Im Winter runter, im Sommer wieder rauf

Runter von der Piste, rein ins Après-Ski-Vergnügen. Bevor es zum Abendessen in die Gaststätte oder das Hotelrestaurant geht, springen die Wintersportler erst mal unter die heiße Dusche. „Wir leben vom Tourismus“, sagt Beni Zenhäusern. Die Saison beschreibt der Schweizer anschaulich mit den zwei Höckern eines Kamels. Brettern die Schnee-Enthusiasten im Winter die Hänge herunter, kraxeln Wanderfreunde sie im Sommer wieder rauf. Zweimal Hochsaison: Die Kläranlage von Zermatt muss dann Höchstleistung liefern und ist entsprechend auf 76.000 Einwohnergleichwerte ausgelegt. Das Erstaunliche: Die Zahl der Einheimischen am Fuß des Matterhorns liegt unter 6.000. Die hohe Differenz resultiert aber nur zu einem Teil aus der reinen Übernachtung. Vielmehr sind es die gastronomischen Betriebe mit ihren mindestens drei Mahlzeiten am Tag, die den chemischen Sauerstoffbedarf in der Abwasserreinigung nach oben treiben.
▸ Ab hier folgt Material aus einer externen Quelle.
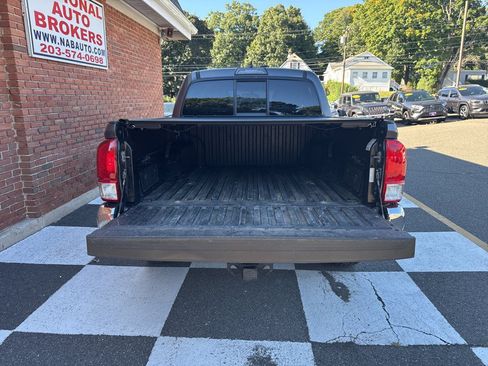 Used 2017 Toyota Tacoma SR5 AWD/4WD image 43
Hohe Leistungsdichte auf engem Raum

Der Leistungsbedarf lässt sich angesichts des begrenzten Platzes in den Felskavernen des Schweizer Alpenmassivs nur mit Prozesstechnik erreichen, die überaus effektiv arbeitet. In Zermatt setzt man deshalb in der Nachklärung Membranfilter ein. Die Börger-Drehkolbenpumpen liefern im Filterbetrieb den notwendigen Unterdruck. Zwischen Pumpe und Antriebsmotor ist eine drehelastische ROTEX-Klauenkupplung im Einsatz, um die Drehmomentstöße beim Anfahren sowie als Folge von Druckschwankungen abzufangen. Das gilt auch im umgekehrten Betrieb – dann, wenn die Pumpen umschalten und die Membranfilter wieder spülen.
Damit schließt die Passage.